Just when I thought I could not find another single word or way in which to plead, beg, urge or beseech those in charge to remove the mass of 17 billboards blocking the view of Montagu Bay, voila! There was the crew from Parks & Beaches Authority, taking them down, one by one, revealing the view we all missed so much.
I wasn’t alone in this fight to remove the signs that had grown from one or two to so many you could no longer see the water and it wouldn’t have happened if others had not cared so much, but I will say that I might take home the honours for stubbornness, waging the battle till I was weary (and afraid readers were as well) yet never giving up.
Just the other day, I came across a letter to the editor I wrote in 2003, Tacky Signs…With the lead graf that went like this: “An inner-city disease called ‘signusitis’ is sweeping Nassau like an epidemic. And the only cure is a change in how we feel about our environment, and in the end, ourselves.”
That was 22 years ago.
In 2008, I prepared a paper for a meeting with Ministry of Works, the Department of Physical Planning and the Ministry of Tourism outlining a plan for period signage for Historic Nassau. It included every detail of every step along with information from other historic districts like Charleston, South Carolina that had branded themselves so successfully.
That was 17 years ago.
Not much has changed in the way we treat signage and a national acceptance of physical environment mediocrity since that first letter about the disease I labelled “signusitis” in 2003.
The world has swirled around us, a whirlwind of change. Consider the number of times Apple has introduced a new iPhone or Americans have elected a new president or The Bahamas has swapped one political party for another to run the country.
Through all of those years, through 9/11 and COVID, through however many Olympics and Carifta Games Bahamian athletes have flown to and returned bearing grins and Gold, through the explosion of online banking and digital wallets and easier ways of doing lots of other things, through believing Facebook was a fad that would fade and later accepting AI as the new way of completing a sentence, through all of those game-changing impacts and influences, we who live in one of the most beautiful places on the planet continue to abuse it.
We plant billboards where flowers should grow. We block views others would give anything to enjoy. We trash grounds that should give life to fruit trees and food-bearing bushes but instead become carpets of KFC boxes, Kalik beer bottles and Wendy’s bags.
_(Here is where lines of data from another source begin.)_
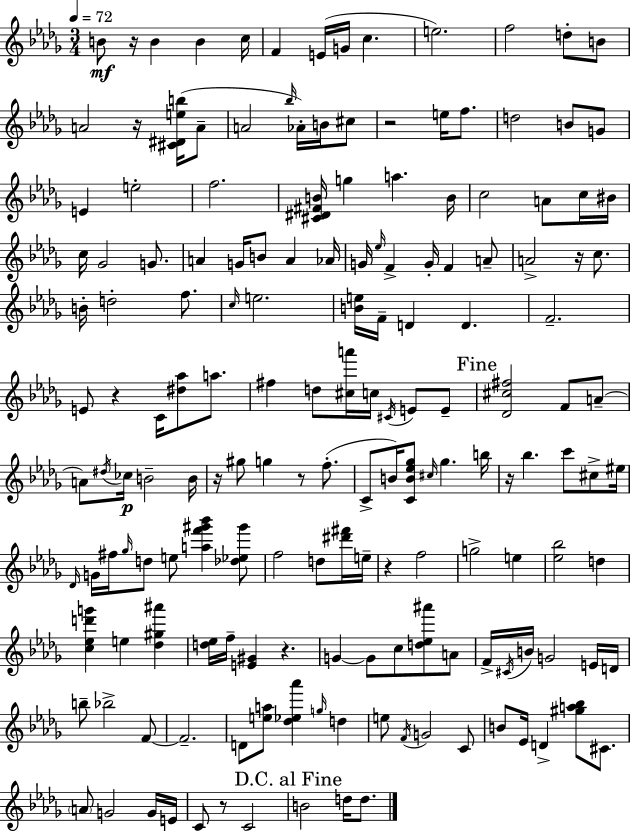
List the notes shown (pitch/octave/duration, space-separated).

B4/e R/s B4/q B4/q C5/s F4/q E4/s G4/s C5/q. E5/h. F5/h D5/e B4/e A4/h R/s [C#4,D#4,E5,B5]/s A4/e A4/h Bb5/s Ab4/s B4/s C#5/e R/h E5/s F5/e. D5/h B4/e G4/e E4/q E5/h F5/h. [C#4,D#4,F#4,B4]/s G5/q A5/q. B4/s C5/h A4/e C5/s BIS4/s C5/s Gb4/h G4/e. A4/q G4/s B4/e A4/q Ab4/s G4/s Eb5/s F4/q G4/s F4/q A4/e A4/h R/s C5/e. B4/s D5/h F5/e. C5/s E5/h. [B4,E5]/s F4/s D4/q D4/q. F4/h. E4/e R/q C4/s [D#5,Ab5]/e A5/e. F#5/q D5/e [C#5,A6]/s C5/s C#4/s E4/e E4/e [Db4,C#5,F#5]/h F4/e A4/e A4/e D#5/s CES5/s B4/h B4/s R/s G#5/e G5/q R/e F5/e. C4/e B4/s [C4,B4,Eb5,Gb5]/e C#5/s Gb5/q. B5/s R/s Bb5/q. C6/e C#5/e EIS5/s Db4/s G4/s F#5/s Gb5/s D5/e E5/e [A5,F6,G#6,Bb6]/q [Db5,Eb5,G#6]/e F5/h D5/e [D#6,F#6]/s E5/s R/q F5/h G5/h E5/q [Eb5,Bb5]/h D5/q [C5,Eb5,D6,G6]/q E5/q [Db5,G#5,A#6]/q [D5,Eb5]/s F5/s [E4,G#4]/q R/q. G4/q G4/e C5/e [D5,Eb5,A#6]/e A4/e F4/s C#4/s B4/s G4/h E4/s D4/s B5/e Bb5/h F4/e F4/h. D4/e [E5,A5]/e [Db5,Eb5,Ab6]/q G5/s D5/q E5/e F4/s G4/h C4/e B4/e Eb4/s D4/q [G#5,A5,Bb5]/e C#4/e. A4/e G4/h G4/s E4/s C4/e R/e C4/h B4/h D5/s D5/e.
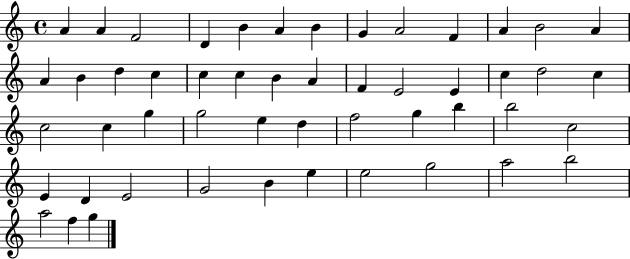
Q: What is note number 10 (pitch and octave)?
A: F4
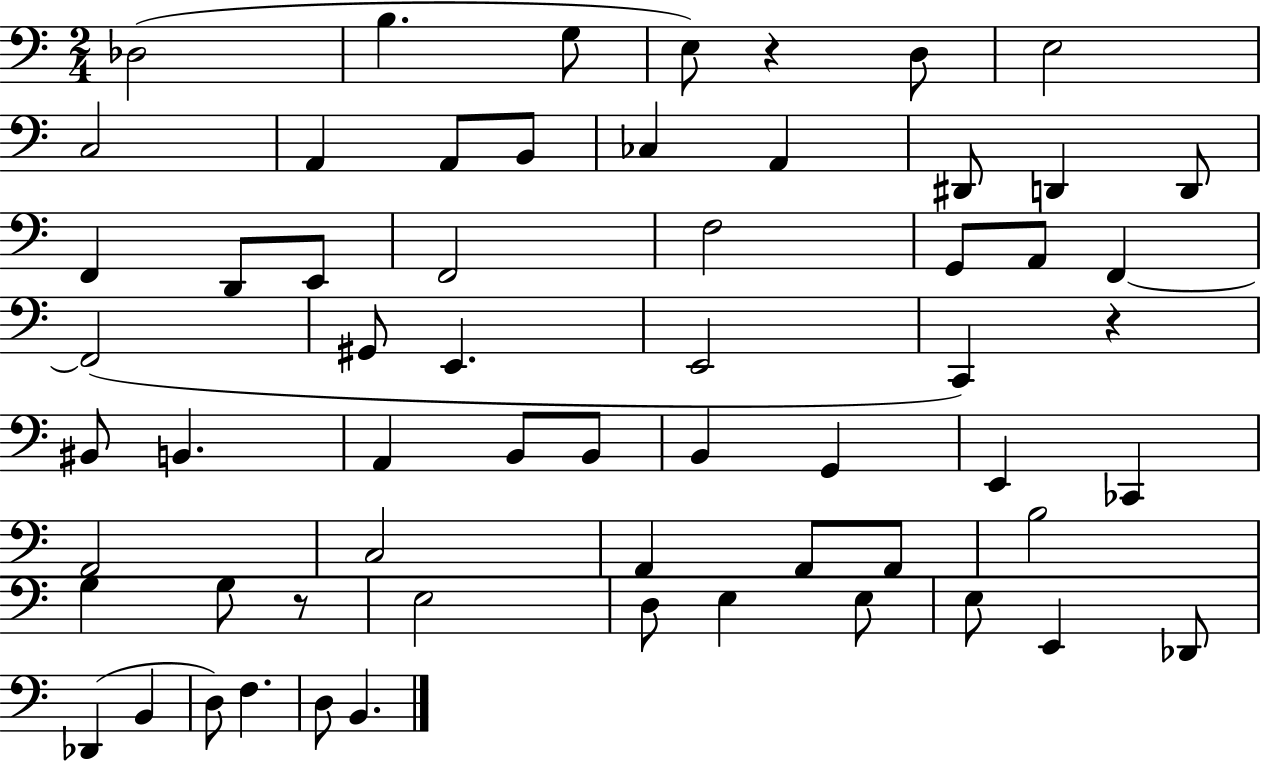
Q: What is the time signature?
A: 2/4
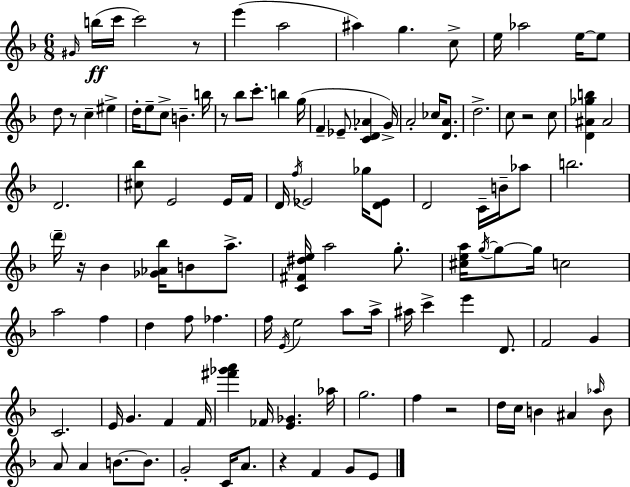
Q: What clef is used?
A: treble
We should be proud but we are dirty. And messy and if we only gave a you-know-what we could do so much and it would take so little.
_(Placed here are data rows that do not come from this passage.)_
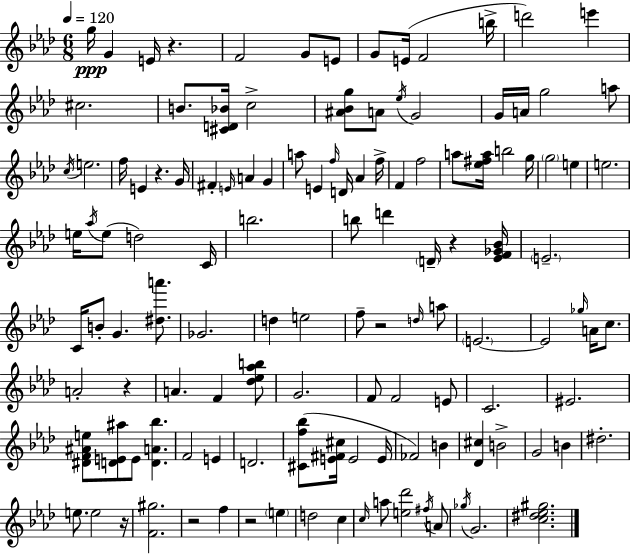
{
  \clef treble
  \numericTimeSignature
  \time 6/8
  \key aes \major
  \tempo 4 = 120
  g''16\ppp g'4 e'16 r4. | f'2 g'8 e'8 | g'8 e'16( f'2 b''16-> | d'''2) e'''4 | \break cis''2. | b'8. <cis' d' bes'>16 c''2-> | <ais' bes' g''>8 a'8 \acciaccatura { ees''16 } g'2 | g'16 a'16 g''2 a''8 | \break \acciaccatura { c''16 } e''2. | f''16 e'4 r4. | g'16 fis'4-. \grace { e'16 } a'4 g'4 | a''8 e'4 \grace { f''16 } d'16 aes'4 | \break f''16-> f'4 f''2 | a''8 <ees'' fis'' a''>16 b''2 | g''16 \parenthesize g''2 | e''4 e''2. | \break e''16 \acciaccatura { aes''16 }( e''8 d''2) | c'16 b''2. | b''8 d'''4 \parenthesize d'16-- | r4 <ees' f' ges' bes'>16 \parenthesize e'2.-- | \break c'16 b'8-. g'4. | <dis'' a'''>8. ges'2. | d''4 e''2 | f''8-- r2 | \break \grace { d''16 } a''8 \parenthesize e'2.~~ | e'2 | \grace { ges''16 } a'16 c''8. a'2-. | r4 a'4. | \break f'4 <des'' ees'' aes'' b''>8 g'2. | f'8 f'2 | e'8 c'2. | eis'2. | \break <dis' f' ais' e''>8 <d' e' ais''>8 e'8 | <d' a' bes''>4. f'2 | e'4 d'2. | <cis' f'' bes''>8( <e' fis' cis''>16 e'2 | \break e'16 fes'2) | b'4 <des' cis''>4 b'2-> | g'2 | b'4 dis''2.-. | \break e''8. e''2 | r16 <f' gis''>2. | r2 | f''4 r2 | \break \parenthesize e''4 d''2 | c''4 \grace { c''16 } a''8 <e'' des'''>2 | \acciaccatura { fis''16 } a'8 \acciaccatura { ges''16 } g'2. | <c'' dis'' ees'' gis''>2. | \break \bar "|."
}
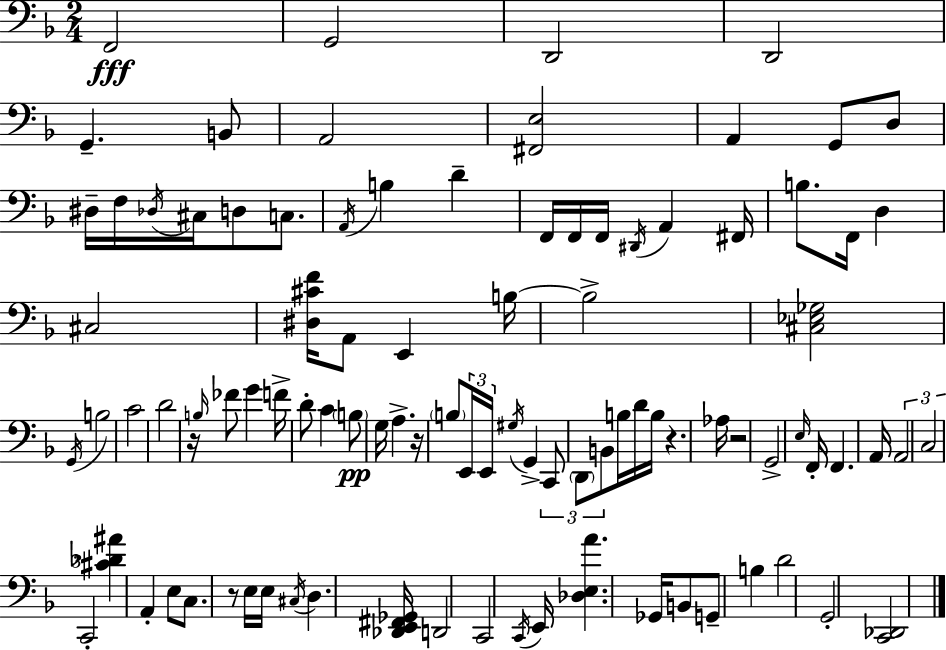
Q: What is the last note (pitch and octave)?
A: G2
Imagine streets where yellow elder blossomed, one tree with its arms out wide after another in full bloom, and another where Royal Poinciana, proud in red, showed its colour, roundabouts with annuals and backdrops of silver buttonwood and deep Nitida or Benjamina.
Imagine historic Nassau where you could IG selfies in front of signs telling the story of a building that is 200 years old or a warehouse used by pirates plundering Nassau in the early days and by bootleggers during US Prohibition.
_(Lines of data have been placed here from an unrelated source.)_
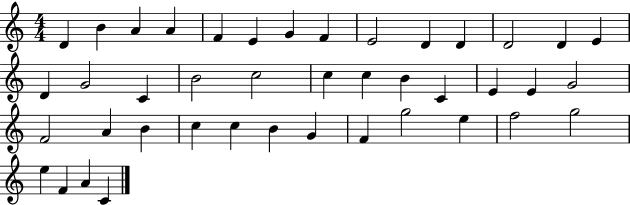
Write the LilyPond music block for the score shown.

{
  \clef treble
  \numericTimeSignature
  \time 4/4
  \key c \major
  d'4 b'4 a'4 a'4 | f'4 e'4 g'4 f'4 | e'2 d'4 d'4 | d'2 d'4 e'4 | \break d'4 g'2 c'4 | b'2 c''2 | c''4 c''4 b'4 c'4 | e'4 e'4 g'2 | \break f'2 a'4 b'4 | c''4 c''4 b'4 g'4 | f'4 g''2 e''4 | f''2 g''2 | \break e''4 f'4 a'4 c'4 | \bar "|."
}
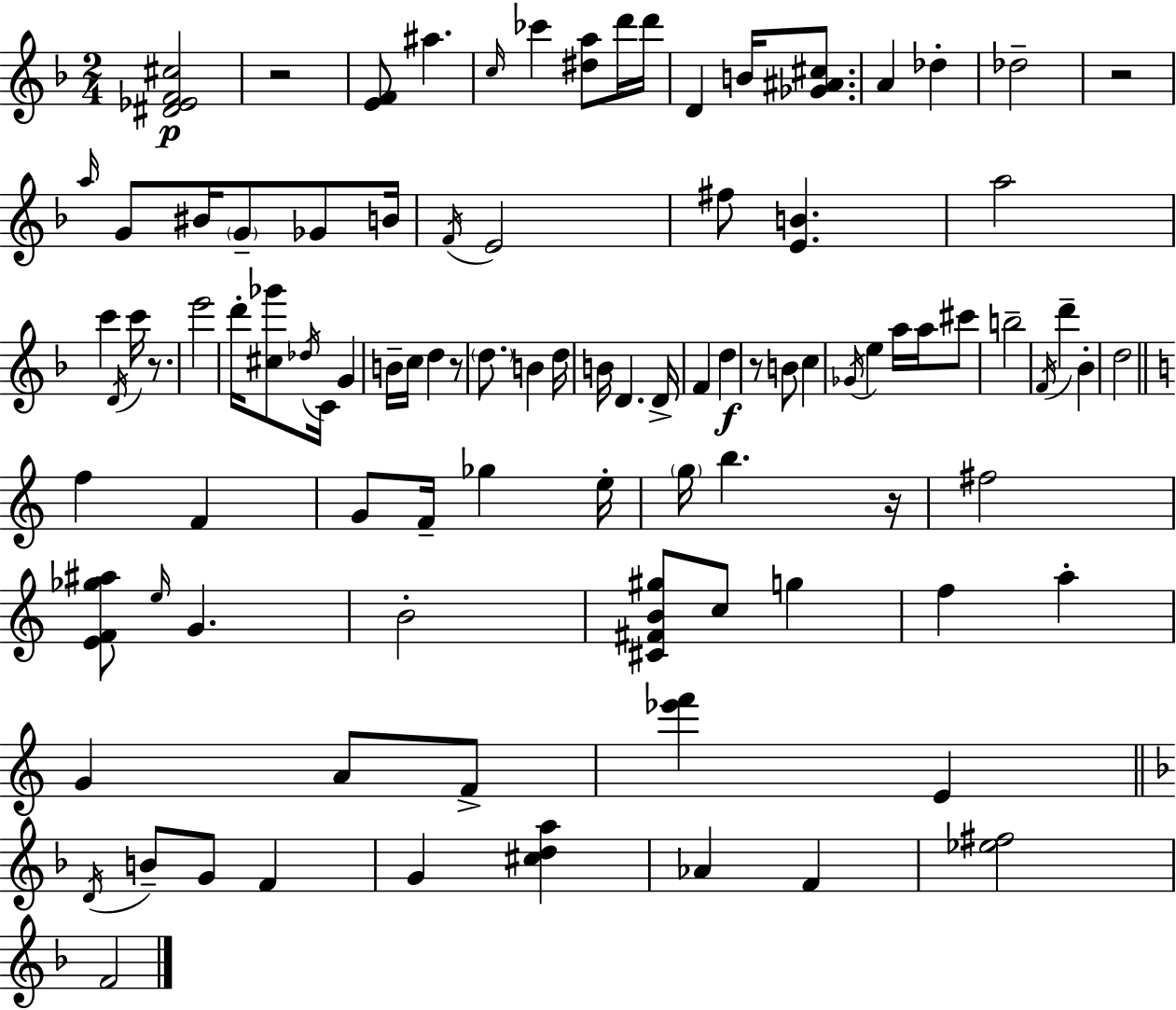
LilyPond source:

We are not restrained by lack of resources. We are paralysed by lack of imagination.
So take this lesson of what we have learned from Montagu. We, the people, can make the right thing happen if we put our collective minds and hearts to it. We are bigger than crass commercialism and stronger than those who would defile our beautiful land and our unparalleled views. We are patient and we shall win.
AND ON TO PART TWO
Twenty-two years after that first letter to the editors of all the media about tacky signs and a condition I labelled “signusitus”, we are far from where we need to be. Let us not get so caught up in patting ourselves on the back that we forget where our feet need to be planted next and the direction we need to take as a group. And this includes original interested parties like Peter Bates (Sign Man) who has tried so hard to get government to listen to the idea of proper signage standards, and Loretta Butler-Turner, Bruce Raine, Bobby Bower, who helped design historic signage, so many others who at some point along the way recognised how one single component – signage – could have such a powerful impact on how a place looks.
Imagine if all the signs in Historic Nassau reflected an historic colour and style. Imagine the statement that would make about the pride of being part of a city about to celebrate its 300th birthday. Just picture what that would look like driving east on Bay Street instead of glaring signs blaring messages about everything from sugar to cheap t-shirts and how much cleaner and finer it would be instead of rum cake posters on column after column in case you could not read rum cake the first time you saw it.
But, as I said, getting it right is not hard. Examples of sensible signage standards for different areas abound. I have files filled with such samples and detailed notes from conversations with experts over the years. All it takes is two things and they may be the hardest two things of all. The first is WILL. The will to change, to accept the fact that clean beats trashy and the knowledge that environment impacts social behaviour. Clean environments enjoy less crime. The second is IMAGINATION.
If we are beginning to get it right at Montagu and Saunders Beach, imagine what New Providence could look like if we got it right clear across this island of New Providence, if we became the land of sea, sun, sand, flowers and shrubs and trees and fruit and plants and everything that says we care about this place we call home. Just IMAGINE. An island devoid of billboard blasphemy and in its place all things green and growing and available for all to enjoy and inhale. Just IMAGINE.